The commission did alter this week’s budget from the previously proposed one last month. Member dues, which were initially proposed to increase by 2 percent next year, now remain flat over the current year. The increase in dues was initially proposed to offset what was expected to be a deficit. The latest 2013 proposal offers a balanced budget, although calculated with the assumption that the club holds the line on membership—something that is at risk considering the employment scandal brewing within the club’s confines.

Additional expenses were reduced in the proposed budget by cutting operating hours at Whitby Castle throughout the year, including closing it during January and February.

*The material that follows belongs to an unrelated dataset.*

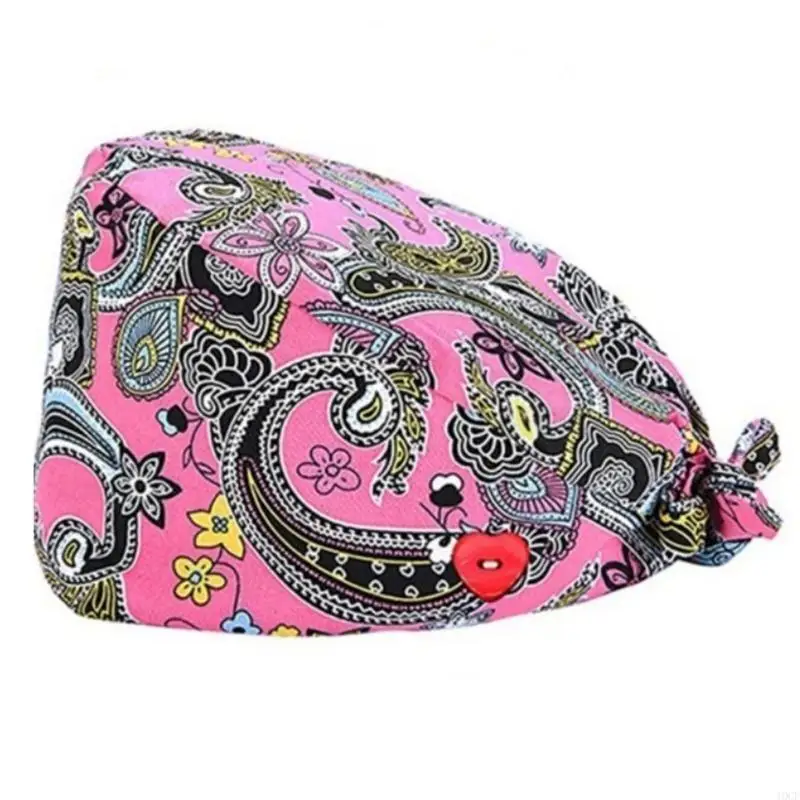 3 chiếc mũ làm việc có nút băng thấm mồ hôi Hoạt hình có thể điều chỉnh dây buộc phía sau Mũ Bouffant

But the biggest cost shift to the budget, of roughly $900,000, was in the area of outside contracted labor costs. The commission said the club plans to move toward a seasonal employee model in place of outside staffing. Therefore, the proposed expense for the controversial outside staffing contracts was cut from $1.6 million to $713,000. But the $800,000 increase in seasonal workers nearly offset any savings.

Outside staffing will continue to be used at the 126-acre club for weddings, catered events and Sunday brunches, according to Commissioner Dooley. “This is possible due to the move to the 10-month season,” he said.

Republican Councilman Joe Sack, a liaison to the golf commission, was concerned with what he called the tectonic shift in labor costs.
“From the last time this budget was presented to tonight, there is an $800,000 and a $900,000 difference in the two line items,” said the coun- cilman. “What was the thought process behind this proposal?”

Commissioner Adimari said the reason for moving toward seasonal workers was the City Council’s endorsement of the commission’s plan to close the restaurant for the first two months of the year. Under the traditional club 12-month operating schedule, management couldn’t hire seasonal workers and also didn’t want the burden of bringing on city employees that would be collecting pensions and benefits.

“In the past we didn’t have that option,” Adimari said. “It was more about working a 12- month year. That was why we went to the [outside staffing] model to avoid hiring CSEA.”

Councilman Sack questioned the commission’s decision that contracting out staffing wasn’t the way to go. “My question would be is this just a knee-jerk reaction to what is being talked about?” he said regarding the brewing controversy.

At Tuesday’s meeting, Commissioner Adimari said the club management would provide a more detailed breakdown of the finances at its next meeting. Commissioner John Duffy asked why such numbers weren’t made available prior to the night the budget was to be voted on.

“I know what my vote is,” he said. “How can I vote on a budget? I don’t know anything.”

Tony Piscionere, a former club member, said the commission shouldn’t be voting on a budget with so many unanswered questions related to RM Staffing and its contract with the club.

“One would have to make at least an assumption that you folks have a budget in front of you that’s prepared based on at least historical data from 2012, 2011 when RM staffing was utilized,” said Piscionere, a practicing attorney and chair of the city GOP. “If you’re not utilizing that then you are making the budget up out of thin air because you have no other things to go on. How can you vote on a budget when you don’t have data that is reliable?”

At the meeting, further questionable management practices may have also been exposed when the commission revealed that member gratuity strictly from credit charges at the restaurant was not being reimbursed to restaurant servers but instead being used to draw down the club’s labor costs, which could potentially violate labor laws.

Yandrasevich said gratuity service charges are not mandatory at the club nor are they solicited. The club manager also said that gratuity, if left, goes to the club’s outside contracting costs because the club pays a higher wage rate for outside staffing than it would if covered in-house. When asked how much the tips collected totaled–and how much that is helping a club that continually runs in the red–the commissioners nor club management could not provide any answer.